I’d ask for a drastic drop in rent or move. I was paying stupid rent for a 3BR house I didn’t need in my favorite neighborhood here. Now I’m paying 1/6th the amount for half the mortgage on my gf’s place. I feel pretty stupid about lighting near six figures on fire for rent over the last 5 years with no equity to show for it.
Well originally I was paying 1705 and my roommate/stakee was paying 1100. Deal fell through and he moved out, so I took over the rest. It’s a nice apartment in an optimal location for a single 34 year old trying to date and all that, which means mid-pandemic it’s lost a lot of value to me.
Also I’m centrally located to get to three casinos and until March I was only playing live poker. If I move to the suburbs, I’d be an hour from all three casinos with no traffic. Here I’m 40 minutes max to all three with traffic.
Do you think that the quality of your apartment makes you more attractive to women in the same way that some people think a sports car might? (As someone who is also single, does it work?)
It does feel like you should downsize to a one bedroom. That second bedroom is costing you like 10k a year and I doubt you’re getting much out of it.
I think having a nice place helps to project maturity and financial stability, but that doesn’t mean you necessarily need a big, expensive place to do that. Just take care of your place, decorate well, etc IMO. Being in a prime location definitely makes things easier in terms of bringing someone you’re dating back to your place. I’m near a lot of bars and restaurants, so I’ll make sure the second, third, fourth (whenever I think the time is right) date is near there, and it makes it more natural to invite a date back.

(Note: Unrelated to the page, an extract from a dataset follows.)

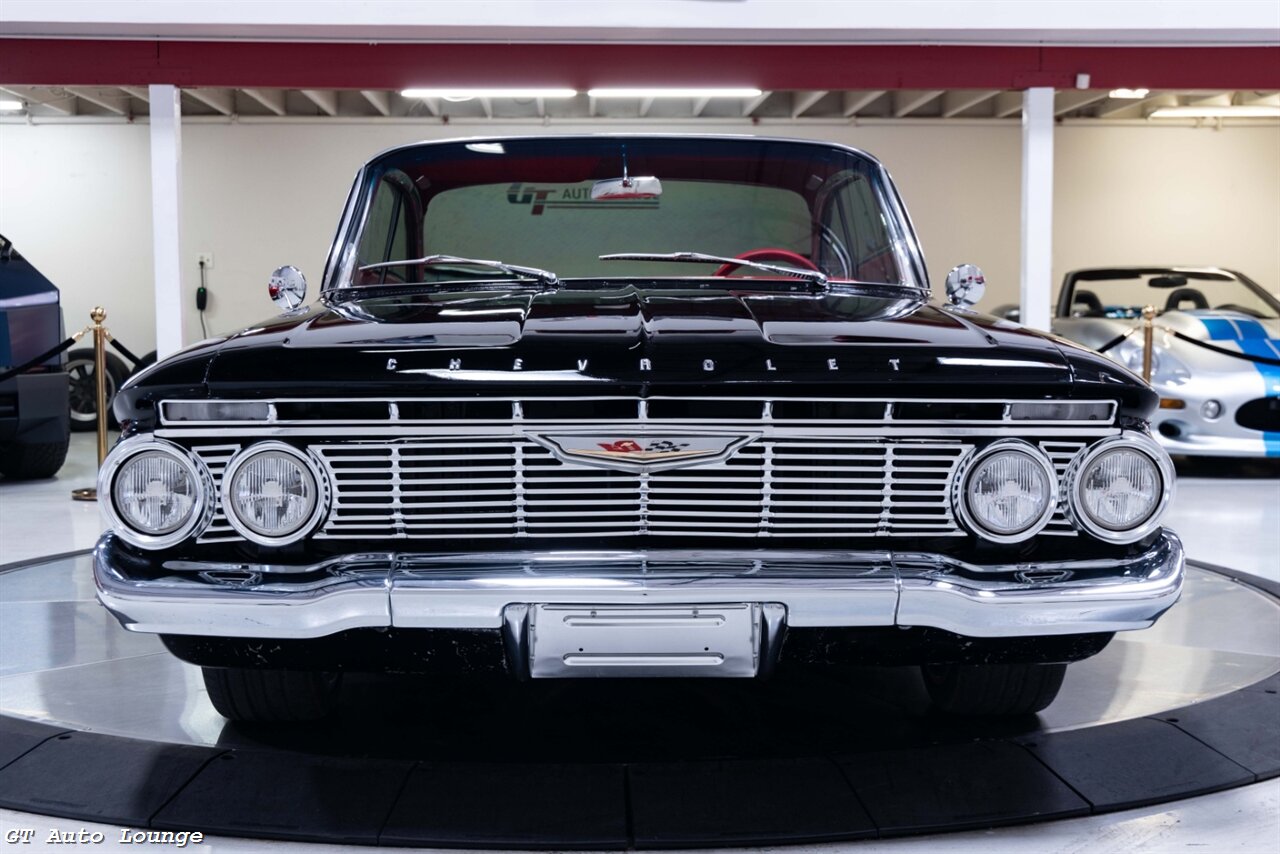 1961 Chevrolet Impala Bubbletop Restomod - Photo 2 - Rancho Cordova, CA 95742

In this case, theoretically had the pandemic not happened, the pool and hot tub would have been ideal for that.
It’s currently my office for online poker with a two-monitor setup, and my home gym with a half rack, barbell, bench and pads to do deadlifts on without hitting the floor. So it’s definitely got value right now, it’s just a matter of what it’s worth.
It looks like my options would be:
Move to Suburbs, Rent a 2br House: $1600/mo + cost of moving ($1,000 I’m guessing) + Two Weeks Reduced Work getting the new place set up (let’s call it $5,000) + Inconvenience/Fear of Moving in a Pandemic (hard to quantify)
Total: $25,200 or $2,100/mo
vs.
Stay Here: ?
So then the question is what is not having to move in a pandemic worth, and what is the gamble on a vaccine early next year making my prime location value again worth? I’m hoping for $2,400, I’d probably take $2,600 and I’d have a tough call if they just kept the price flat for me at $2805.
A house in the suburbs would be a far better life experience in the pandemic, but would suck really hard once the pandemic is over (far from casinos, very suboptimal for social life). My city apartment is suboptimal during the pandemic, but not awful. It’s way better once it’s over.
Also, wild card, my friend in the burbs I’d be moving near to golf with might move his wife and daughter to Canada this year.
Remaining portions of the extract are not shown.